Venüs ve Mars üzerindeki araştırmalar, Dünya’nın yaşanabilirliğinin ne kadar kırılgan olabileceği hakkında önemli bilgiler sağlamış ve büyük bir değişimin dünyayı, dinozorları yok eden asteroid çarpmasına benzer bir karanlığa sürükleyebileceği “nükleer kış” kavramını gündeme getirmiştir. Ancak 1990’lı yıllarda, her iki taraf da nükleer silah stoklarını, nükleer bir çatışmanın artık medeniyetin sonunu getirmeyeceği varsayılan bir seviyeye indirmek için müzakere etti. Nature Food dergisinde yayımlanan bir makaleye göre, bu tahminlerin doğruluğu sorgulanmaktadır. Araştırmacılar, daha küçük nükleer cephaneler ve son 40 yıldaki atmosferik modelleme alanındaki büyük gelişmeleri göz önünde bulundurarak nükleer kış hesaplamalarını güncellediler.
Araştırma, nükleer silahların neden olduğu yangınlardan üst atmosfere yayılan kurumun, başlıca gıda ürünlerinin üretimini ciddi şekilde azaltacağı sonucuna varmakta ve bu açlık nedeniyle ölümlerin, bombanın doğrudan etkilerinden çok daha fazla olabileceğini vurgulamaktadır. Ayrıca, deniz üretkenliğinin de büyük ölçüde düşeceği için, durum normale dönene kadar balık ağırlıklı bir beslenme ile hayatta kalmanın pek mümkün görünmediği belirtiliyor.
Olası Senaryolar
ABD – Rusya Arasında Nükleer Savaş Yaşanırsa…

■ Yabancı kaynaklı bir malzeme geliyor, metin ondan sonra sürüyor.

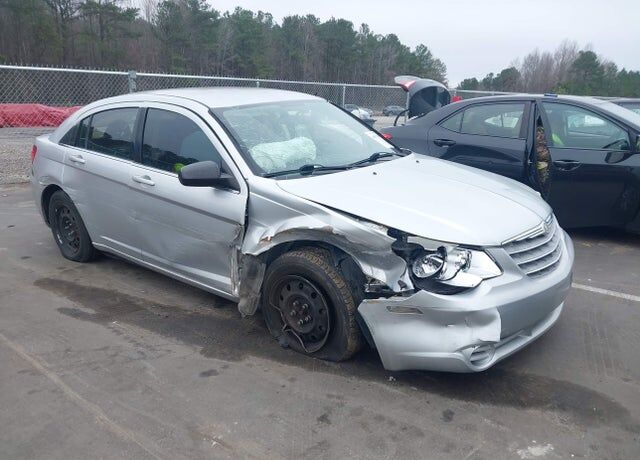 2010 CHRYSLER Sebring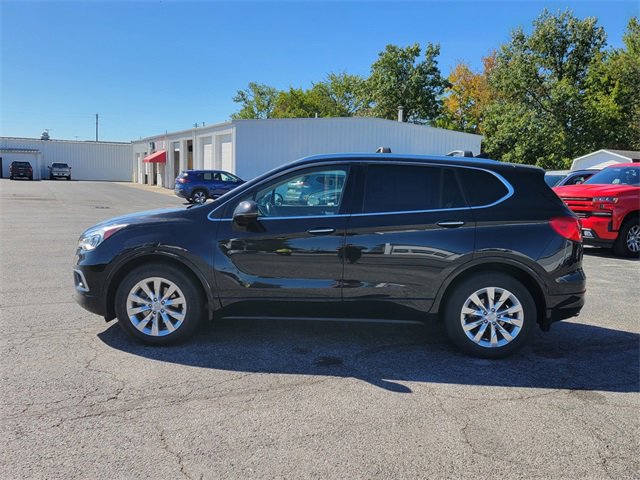 2017 Buick Envision Essence photo 5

Ekip, ABD ve Rusya arasında bir çatışmanın tırmandığı bir senaryoyu modelledi. Bu iki ülke, savaş başlıklarının büyük bir kısmını ortadan kaldırmalarına rağmen, hala en fazla nükleer silaha sahip ülkeler olarak öne çıkmaktadır. Böyle bir olay, atmosfere 150 milyon tondan fazla kurumun eklenmesine neden olarak, Avustralya, Yeni Zelanda ve Güney Amerika’nın bazı bölgeleri gibi olası istisnalar dışında dünyadaki her ülkenin kendi nüfusunu besleyemez hale gelmesine yol açacaktır.
Hindistan – Pakistan Arasında Nükleer Savaş Yaşanırsa…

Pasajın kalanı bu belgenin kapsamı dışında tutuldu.